▸ Data for review:

════

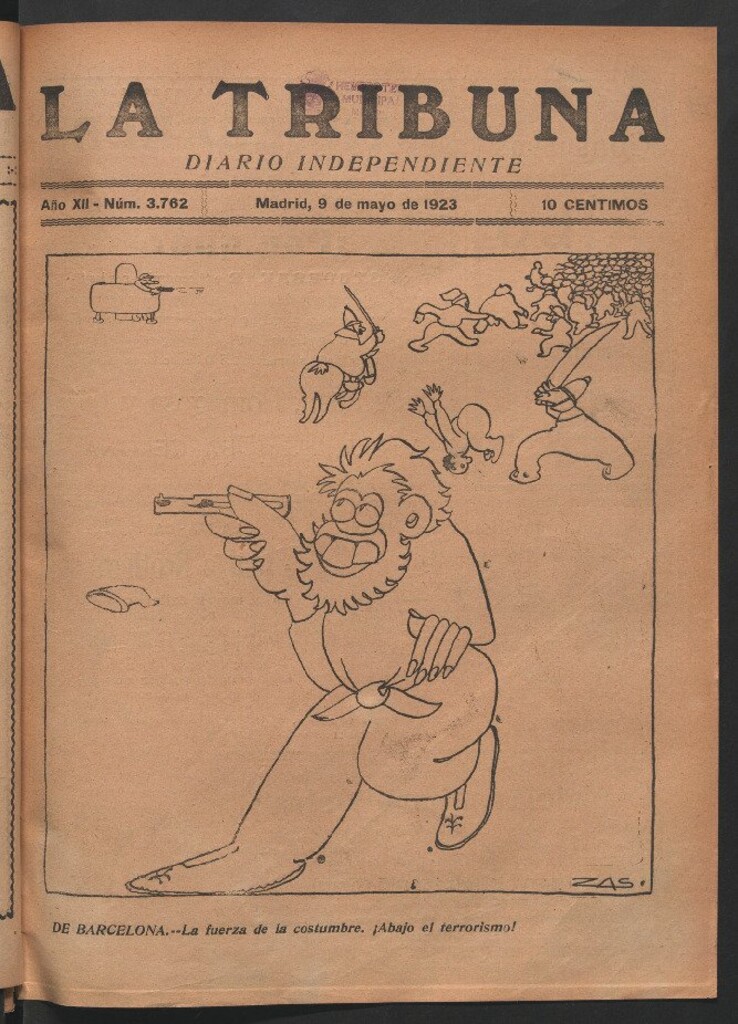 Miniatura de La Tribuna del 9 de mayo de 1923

════

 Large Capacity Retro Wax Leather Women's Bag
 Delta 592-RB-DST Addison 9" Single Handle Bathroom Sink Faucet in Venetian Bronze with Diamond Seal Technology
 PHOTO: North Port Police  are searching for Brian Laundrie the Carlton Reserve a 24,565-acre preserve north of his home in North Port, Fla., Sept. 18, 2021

════

▸ What you are asked to do: Scan the listing above for the line that has "Large Capacity Retro Wax Leather Women's Bag", then copy exactly from that line through the line that has "PHOTO: North Port".

▸ Task result:
 Large Capacity Retro Wax Leather Women's Bag
 Delta 592-RB-DST Addison 9" Single Handle Bathroom Sink Faucet in Venetian Bronze with Diamond Seal Technology
 PHOTO: North Port Police  are searching for Brian Laundrie the Carlton Reserve a 24,565-acre preserve north of his home in North Port, Fla., Sept. 18, 2021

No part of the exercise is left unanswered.